La película mira la vida de Chaplin con un realismo objetivo, a pesar de su tono hagiográfico. Aunque todas las aristas quedan suavizadas con la gran carga de humanidad que pone Attenborough y por el encendido homenaje que hace al Séptimo Arte, que permite disfrutar de unos cuantos gags divertidos, al más puro estilo del cine mudo.

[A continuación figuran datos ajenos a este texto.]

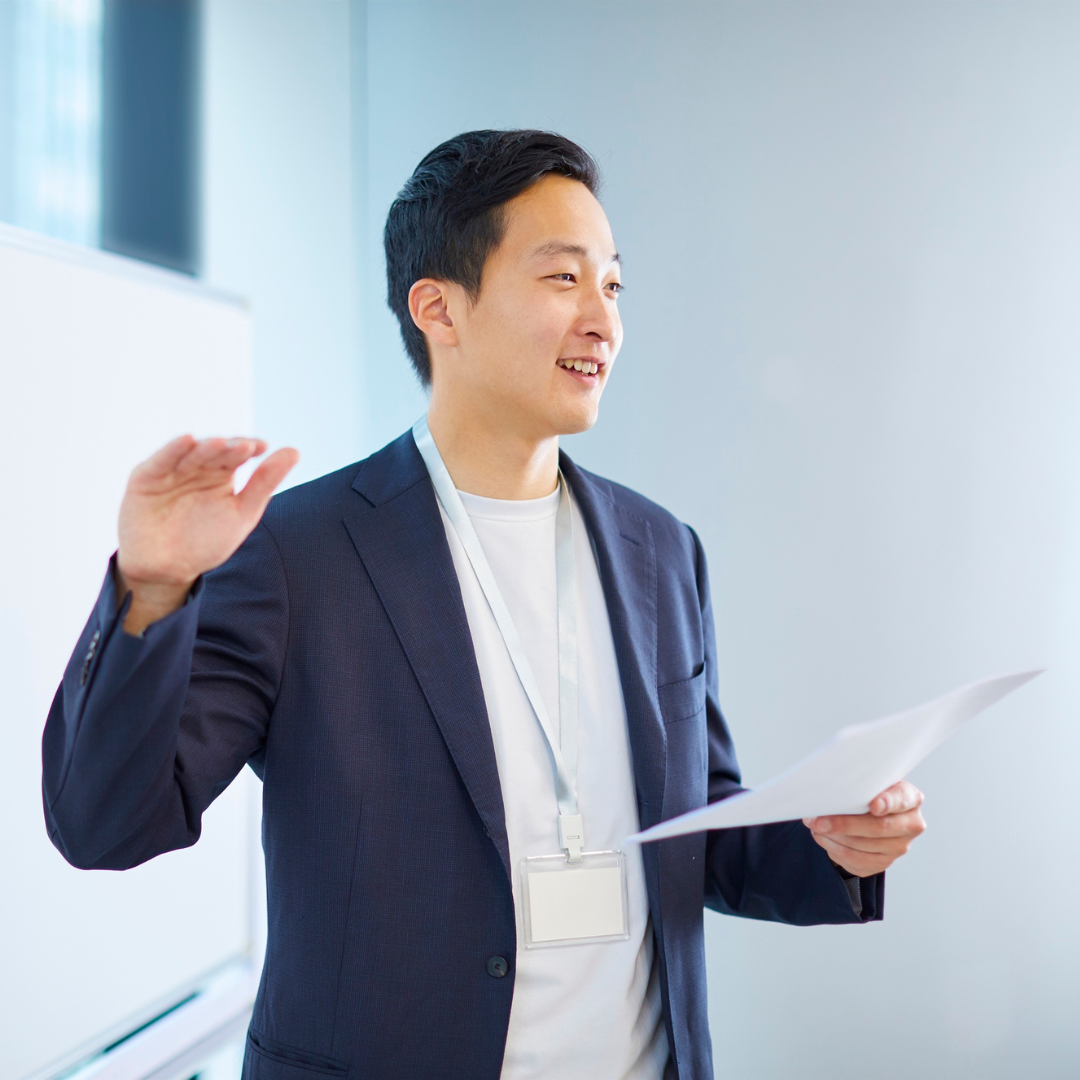 A young man in a navy blazer and white shirt standing in front of a whiteboard, holding papers, smiling, and raising his right hand as if taking an oath or giving a presentation.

Sin embargo, la película deja más bien un poso de amargura: la que se desprende de la íntima tristeza de un ser impetuoso, que se dejó llevar por sus pasiones y que sacrificó sus sucesivos matrimonios en aras de su trabajo, a través del cual se convirtió, paradójicamente, en el cómico más genial del cine. En todo caso, tiene hondura y atractivo su retrato, aunque no sea muy edificante. Sólo enturbian el tono elegante del film varias secuencias eróticas, sorprendentes en un cineasta como Attenborough, radical convencido, pero que siempre ha manifestado su repulsa contra la pornografía en el cine.